概要:世界17の金融規制当局が連携し、SNS上の違法・不適切な金融プロモーションへの対応を一斉に強化した。ニュージーランド・FMAも参加し、14人のフィンフルエンサーに直接連絡し、問題のあるコンテンツの削除や、ニュージーランド向けサービスの縮小・停止につなげた。日本人投資家が知るべき規制強化の実態を解説。

2026年4月20日、世界17の金融規制当局が連携して「違法フィンフルエンサー(金融インフルエンサー)」への取り締まりを強化する「グローバル・ウィーク・オブ・アクション」を開始した。今年の参加当局は、昨年の9当局から大幅に増え、5大陸をカバーする規模となった。
今回の共同行動に新たに参加したのが、ニュージーランドの金融市場監督局(FMA)だ。FMAは今週だけで14名のフィンフルエンサーに直接接触し、誤解を招くコンテンツの削除、サービス範囲の縮小、そして一部業者のニュージーランド市場からの完全撤退という成果をすでに得ている。
FMA規制サービス部門マネージャーのSamantha McGuire氏は「金融プロモーションがSNS上に急増するなか、消費者保護を強化し、公正なオンライン環境を守るためには国際的な協力が不可欠だ」と述べた。
今年の参加機関のラインアップは圧巻だ。英国FCA、オーストラリアASIC、シンガポール金融管理局(MAS)、香港証券先物委員会(SFC)、インドSEBI、ブラジルCVM、ベルギーFSMA、デンマーク金融監督局、アイルランド中央銀行、ノルウェーFinanstilsynet、カナダ3機関、カタール2機関、UAE資本市場庁、そしてニュージーランドFMAという顔ぶれだ。
昨年の初回行動はFCAが主導した9機関にとどまっていたが、わずか1年でほぼ倍増した。シンガポール、香港、UAEなど主要金融ハブの当局がそろって参加している点は、日本の個人投資家にとっても無関係ではない。
規制当局が特に問題視しているのが「コピートレード」の勧誘だ。フィンフルエンサーが高級車やブランド品、豪邸といった「成功の証」をアピールしながら、複雑でリスクの高い金融商品への参加を促すケースが急増している。
英国FCAは今年、無認可のCFDを宣伝した3名のフィンフルエンサーを刑事訴追した。オーストラリアASICは昨年、無認可でCFDやOTCデリバティブを推奨していたフィンフルエンサー18名に警告通知を発している。

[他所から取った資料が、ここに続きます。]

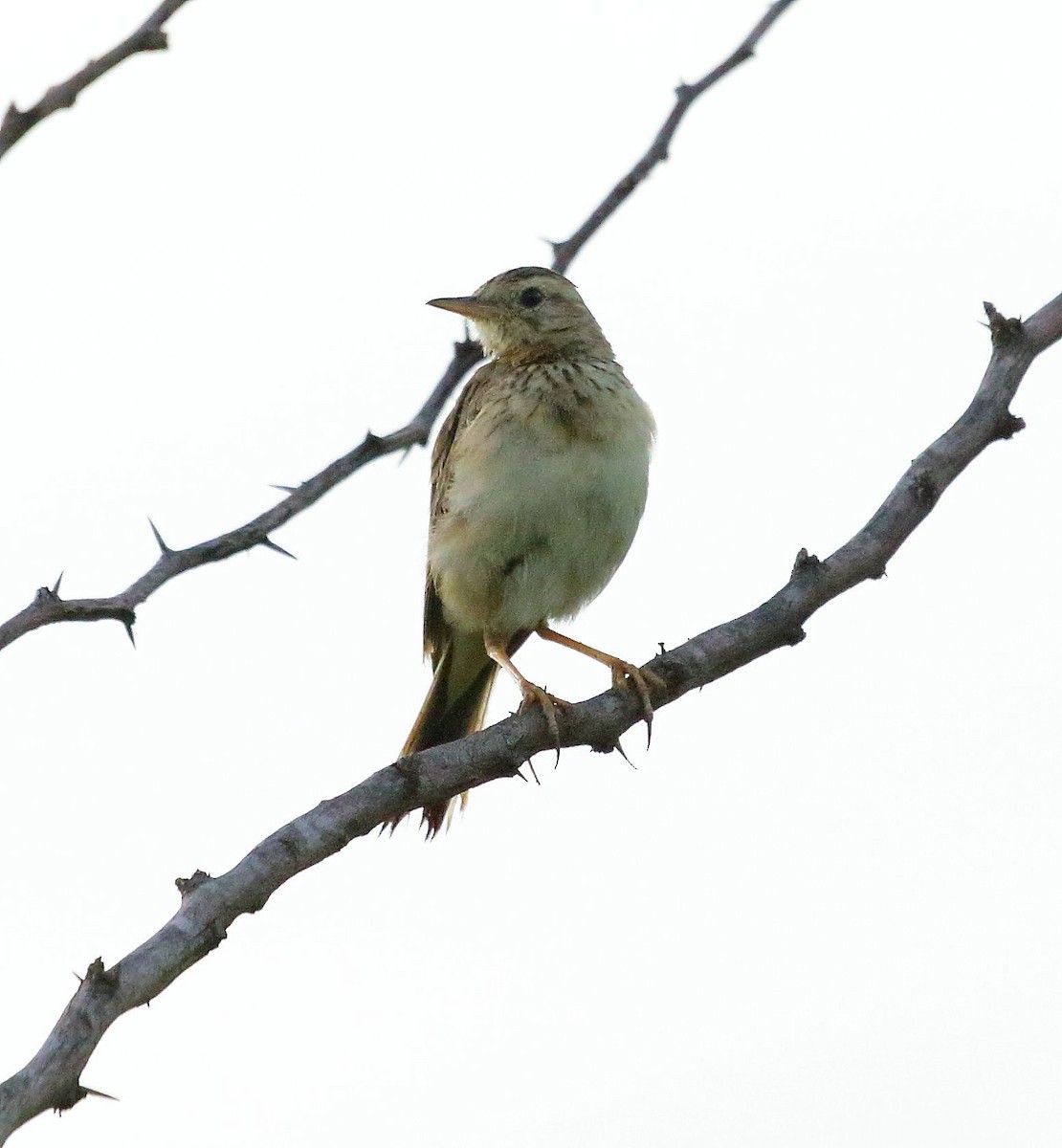 Paddyfield Pipit - Albin Jacob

なお、FCAが把握している被害事例では、フィンフルエンサーが宣伝したある1社だけで約9万人超の個人投資家が、4年間で合計約7,500万ポンド(約140億円相当)の損失を出した。ことが明らかになっている。
各国・地域の対応には温度差がある。
香港SFCは2025年11月、Telegramで無認可の投資アドバイスを有料配信していたChau Pak Yin氏に対し、フィンフルエンサーへの初の実刑判決(懲役6週間)を勝ち取った。UAEはこれに先行して、金融コンテンツを発信する個人に対してライセンス取得を世界で初めて義務化した。英国FCAはライセンス制には踏み込まず、現行法のもとでの取り締まり強化を選択している。
ニュージーランドFMAはライセンス義務化を設けていないが、すでにCFDのレバレッジ規制(最大30倍)の導入を検討しており、規制違反を理由にRockfort Marketsのライセンスを取り消した実績もある。

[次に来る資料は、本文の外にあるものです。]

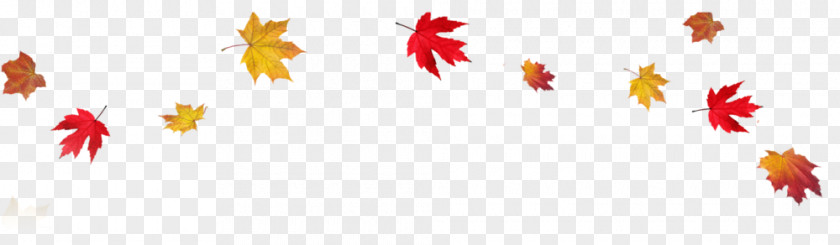 Thanks Giving Autumn Leaf Color Desktop Wallpaper Clip Art PNG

この取り締まりが難しい背景には、若い世代の情報収集行動の変化がある。ドイツのBaFin(連邦金融監督庁)が1,000人の投資初心者を対象に実施した調査では、ミレニアル世代・Z世代の半数以上が「SNSは従来の金融アドバイスの代替になりえる」と回答。フィンフルエンサーをフォローしている回答者のうち57%が、その発信者のリンク経由で実際に金融商品を購入した経験を持つことも判明した。

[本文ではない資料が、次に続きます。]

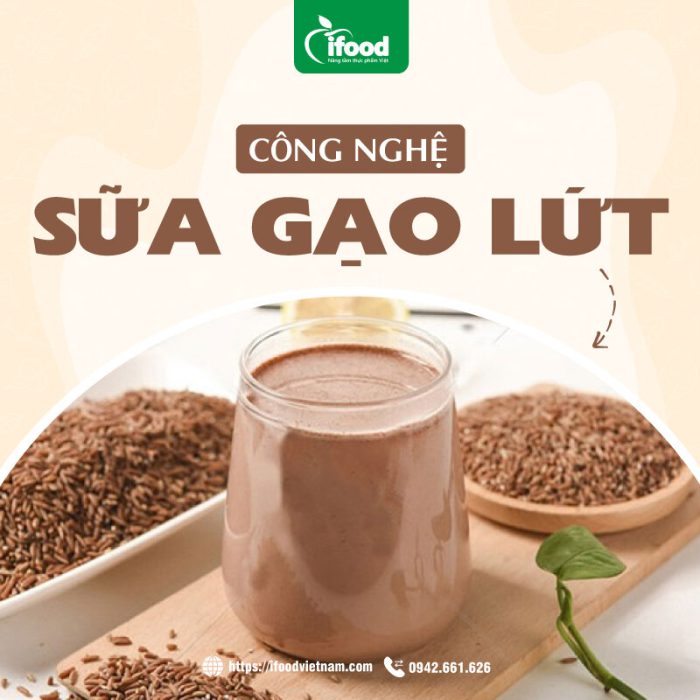 chuyển giao công nghệ sản xuất sữa gạo lứt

CMCマーケッツがFCAに提出した別の調査でも、フォロー中のインフルエンサーが取引機会を発信した際、個人トレーダーの33%が実際に売買に踏み切る可能性が高まると回答している。
フィンフルエンサーが紹介する業者が、必ずしも正規のライセンスを持っているとは限らない。「有名インフルエンサーが薦めているから安心」という判断は危険だ。
WikiFXでは、世界各国の規制当局データベースと照合した各ブローカーのライセンス情報をリアルタイムで公開している。口座を開設する前に、紹介された業者名をWikiFXで検索して、ライセンスの有効性・規制当局・過去の行政処分履歴を必ず確認することを強く勧める。
SNS上の「甘い話」を信じる前に、まず客観的なデータで事実を確かめる習慣を持つことが、投資詐欺から身を守る最初の一歩だ。